- Brief descriptive captions:
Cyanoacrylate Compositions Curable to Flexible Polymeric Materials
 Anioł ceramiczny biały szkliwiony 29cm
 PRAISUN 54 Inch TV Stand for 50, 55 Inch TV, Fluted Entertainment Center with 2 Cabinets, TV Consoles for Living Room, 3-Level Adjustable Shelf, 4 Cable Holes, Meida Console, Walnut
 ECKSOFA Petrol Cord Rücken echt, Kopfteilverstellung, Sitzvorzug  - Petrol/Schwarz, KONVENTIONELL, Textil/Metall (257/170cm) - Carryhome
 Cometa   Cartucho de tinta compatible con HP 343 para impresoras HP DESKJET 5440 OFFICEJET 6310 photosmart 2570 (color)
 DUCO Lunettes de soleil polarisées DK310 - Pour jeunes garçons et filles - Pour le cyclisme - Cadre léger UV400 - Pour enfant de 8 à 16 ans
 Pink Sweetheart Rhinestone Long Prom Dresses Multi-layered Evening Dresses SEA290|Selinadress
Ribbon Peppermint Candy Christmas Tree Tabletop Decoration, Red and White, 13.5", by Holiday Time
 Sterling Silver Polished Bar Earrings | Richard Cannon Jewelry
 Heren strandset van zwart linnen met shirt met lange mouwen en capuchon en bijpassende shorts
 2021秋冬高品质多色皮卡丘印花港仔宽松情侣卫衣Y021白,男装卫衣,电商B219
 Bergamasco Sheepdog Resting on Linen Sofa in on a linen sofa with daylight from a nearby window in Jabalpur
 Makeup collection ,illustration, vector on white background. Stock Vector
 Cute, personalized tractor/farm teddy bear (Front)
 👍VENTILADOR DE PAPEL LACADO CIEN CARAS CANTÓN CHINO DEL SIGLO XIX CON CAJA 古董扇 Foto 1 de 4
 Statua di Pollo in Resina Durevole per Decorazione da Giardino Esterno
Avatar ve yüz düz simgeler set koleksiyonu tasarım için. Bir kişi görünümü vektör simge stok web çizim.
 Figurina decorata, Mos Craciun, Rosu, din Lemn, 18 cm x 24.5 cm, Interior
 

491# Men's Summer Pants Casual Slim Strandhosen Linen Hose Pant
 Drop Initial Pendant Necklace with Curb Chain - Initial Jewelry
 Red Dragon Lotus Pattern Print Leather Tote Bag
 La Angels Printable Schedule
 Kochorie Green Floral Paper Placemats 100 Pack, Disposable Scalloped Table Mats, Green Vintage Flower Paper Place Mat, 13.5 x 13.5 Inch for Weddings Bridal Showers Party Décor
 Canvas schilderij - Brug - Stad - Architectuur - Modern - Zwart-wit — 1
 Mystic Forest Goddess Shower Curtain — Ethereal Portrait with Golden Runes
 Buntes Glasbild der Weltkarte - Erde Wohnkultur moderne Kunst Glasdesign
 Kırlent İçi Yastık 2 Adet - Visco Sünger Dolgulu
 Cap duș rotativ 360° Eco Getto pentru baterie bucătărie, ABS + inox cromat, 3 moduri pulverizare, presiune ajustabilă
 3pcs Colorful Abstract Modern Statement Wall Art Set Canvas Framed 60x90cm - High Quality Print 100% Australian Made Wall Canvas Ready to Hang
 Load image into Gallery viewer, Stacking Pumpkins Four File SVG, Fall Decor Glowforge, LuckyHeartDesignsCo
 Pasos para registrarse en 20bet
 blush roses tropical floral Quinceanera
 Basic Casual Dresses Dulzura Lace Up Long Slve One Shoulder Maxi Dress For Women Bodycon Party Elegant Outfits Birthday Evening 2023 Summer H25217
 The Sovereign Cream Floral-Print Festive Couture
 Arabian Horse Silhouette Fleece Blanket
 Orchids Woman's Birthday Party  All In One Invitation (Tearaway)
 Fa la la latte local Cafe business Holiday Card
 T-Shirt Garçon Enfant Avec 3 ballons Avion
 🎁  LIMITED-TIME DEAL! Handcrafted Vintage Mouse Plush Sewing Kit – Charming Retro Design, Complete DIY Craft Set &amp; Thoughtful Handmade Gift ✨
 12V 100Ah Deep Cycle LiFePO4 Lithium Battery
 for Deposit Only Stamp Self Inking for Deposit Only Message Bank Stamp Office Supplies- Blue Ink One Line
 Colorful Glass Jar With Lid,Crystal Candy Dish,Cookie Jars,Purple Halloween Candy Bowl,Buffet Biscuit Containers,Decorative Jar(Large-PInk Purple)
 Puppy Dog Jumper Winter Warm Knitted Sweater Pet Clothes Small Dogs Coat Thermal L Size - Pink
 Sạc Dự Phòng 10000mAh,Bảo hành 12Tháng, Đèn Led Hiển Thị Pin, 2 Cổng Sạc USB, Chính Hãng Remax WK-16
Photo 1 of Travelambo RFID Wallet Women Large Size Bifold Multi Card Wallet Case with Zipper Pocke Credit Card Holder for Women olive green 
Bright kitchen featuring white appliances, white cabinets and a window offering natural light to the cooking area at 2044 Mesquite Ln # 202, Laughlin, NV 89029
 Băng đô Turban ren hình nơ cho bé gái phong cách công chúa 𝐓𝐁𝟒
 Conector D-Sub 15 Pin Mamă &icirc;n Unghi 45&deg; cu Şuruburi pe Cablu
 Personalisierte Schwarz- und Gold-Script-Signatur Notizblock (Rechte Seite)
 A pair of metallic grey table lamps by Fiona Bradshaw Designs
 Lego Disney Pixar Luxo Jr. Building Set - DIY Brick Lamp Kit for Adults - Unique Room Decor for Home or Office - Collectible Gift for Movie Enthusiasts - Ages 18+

- WORK TASK: Every line above needs to be repeated exactly as shown.

- ANSWER FOR THE TASK:
Cyanoacrylate Compositions Curable to Flexible Polymeric Materials
 Anioł ceramiczny biały szkliwiony 29cm
 PRAISUN 54 Inch TV Stand for 50, 55 Inch TV, Fluted Entertainment Center with 2 Cabinets, TV Consoles for Living Room, 3-Level Adjustable Shelf, 4 Cable Holes, Meida Console, Walnut
 ECKSOFA Petrol Cord Rücken echt, Kopfteilverstellung, Sitzvorzug  - Petrol/Schwarz, KONVENTIONELL, Textil/Metall (257/170cm) - Carryhome
 Cometa   Cartucho de tinta compatible con HP 343 para impresoras HP DESKJET 5440 OFFICEJET 6310 photosmart 2570 (color)
 DUCO Lunettes de soleil polarisées DK310 - Pour jeunes garçons et filles - Pour le cyclisme - Cadre léger UV400 - Pour enfant de 8 à 16 ans
 Pink Sweetheart Rhinestone Long Prom Dresses Multi-layered Evening Dresses SEA290|Selinadress
Ribbon Peppermint Candy Christmas Tree Tabletop Decoration, Red and White, 13.5", by Holiday Time
 Sterling Silver Polished Bar Earrings | Richard Cannon Jewelry
 Heren strandset van zwart linnen met shirt met lange mouwen en capuchon en bijpassende shorts
 2021秋冬高品质多色皮卡丘印花港仔宽松情侣卫衣Y021白,男装卫衣,电商B219
 Bergamasco Sheepdog Resting on Linen Sofa in on a linen sofa with daylight from a nearby window in Jabalpur
 Makeup collection ,illustration, vector on white background. Stock Vector
 Cute, personalized tractor/farm teddy bear (Front)
 👍VENTILADOR DE PAPEL LACADO CIEN CARAS CANTÓN CHINO DEL SIGLO XIX CON CAJA 古董扇 Foto 1 de 4
 Statua di Pollo in Resina Durevole per Decorazione da Giardino Esterno
Avatar ve yüz düz simgeler set koleksiyonu tasarım için. Bir kişi görünümü vektör simge stok web çizim.
 Figurina decorata, Mos Craciun, Rosu, din Lemn, 18 cm x 24.5 cm, Interior
 

491# Men's Summer Pants Casual Slim Strandhosen Linen Hose Pant
 Drop Initial Pendant Necklace with Curb Chain - Initial Jewelry
 Red Dragon Lotus Pattern Print Leather Tote Bag
 La Angels Printable Schedule
 Kochorie Green Floral Paper Placemats 100 Pack, Disposable Scalloped Table Mats, Green Vintage Flower Paper Place Mat, 13.5 x 13.5 Inch for Weddings Bridal Showers Party Décor
 Canvas schilderij - Brug - Stad - Architectuur - Modern - Zwart-wit — 1
 Mystic Forest Goddess Shower Curtain — Ethereal Portrait with Golden Runes
 Buntes Glasbild der Weltkarte - Erde Wohnkultur moderne Kunst Glasdesign
 Kırlent İçi Yastık 2 Adet - Visco Sünger Dolgulu
 Cap duș rotativ 360° Eco Getto pentru baterie bucătărie, ABS + inox cromat, 3 moduri pulverizare, presiune ajustabilă
 3pcs Colorful Abstract Modern Statement Wall Art Set Canvas Framed 60x90cm - High Quality Print 100% Australian Made Wall Canvas Ready to Hang
 Load image into Gallery viewer, Stacking Pumpkins Four File SVG, Fall Decor Glowforge, LuckyHeartDesignsCo
 Pasos para registrarse en 20bet
 blush roses tropical floral Quinceanera
 Basic Casual Dresses Dulzura Lace Up Long Slve One Shoulder Maxi Dress For Women Bodycon Party Elegant Outfits Birthday Evening 2023 Summer H25217
 The Sovereign Cream Floral-Print Festive Couture
 Arabian Horse Silhouette Fleece Blanket
 Orchids Woman's Birthday Party  All In One Invitation (Tearaway)
 Fa la la latte local Cafe business Holiday Card
 T-Shirt Garçon Enfant Avec 3 ballons Avion
 🎁  LIMITED-TIME DEAL! Handcrafted Vintage Mouse Plush Sewing Kit – Charming Retro Design, Complete DIY Craft Set &amp; Thoughtful Handmade Gift ✨
 12V 100Ah Deep Cycle LiFePO4 Lithium Battery
 for Deposit Only Stamp Self Inking for Deposit Only Message Bank Stamp Office Supplies- Blue Ink One Line
 Colorful Glass Jar With Lid,Crystal Candy Dish,Cookie Jars,Purple Halloween Candy Bowl,Buffet Biscuit Containers,Decorative Jar(Large-PInk Purple)
 Puppy Dog Jumper Winter Warm Knitted Sweater Pet Clothes Small Dogs Coat Thermal L Size - Pink
 Sạc Dự Phòng 10000mAh,Bảo hành 12Tháng, Đèn Led Hiển Thị Pin, 2 Cổng Sạc USB, Chính Hãng Remax WK-16
Photo 1 of Travelambo RFID Wallet Women Large Size Bifold Multi Card Wallet Case with Zipper Pocke Credit Card Holder for Women olive green 
Bright kitchen featuring white appliances, white cabinets and a window offering natural light to the cooking area at 2044 Mesquite Ln # 202, Laughlin, NV 89029
 Băng đô Turban ren hình nơ cho bé gái phong cách công chúa 𝐓𝐁𝟒
 Conector D-Sub 15 Pin Mamă &icirc;n Unghi 45&deg; cu Şuruburi pe Cablu
 Personalisierte Schwarz- und Gold-Script-Signatur Notizblock (Rechte Seite)
 A pair of metallic grey table lamps by Fiona Bradshaw Designs
 Lego Disney Pixar Luxo Jr. Building Set - DIY Brick Lamp Kit for Adults - Unique Room Decor for Home or Office - Collectible Gift for Movie Enthusiasts - Ages 18+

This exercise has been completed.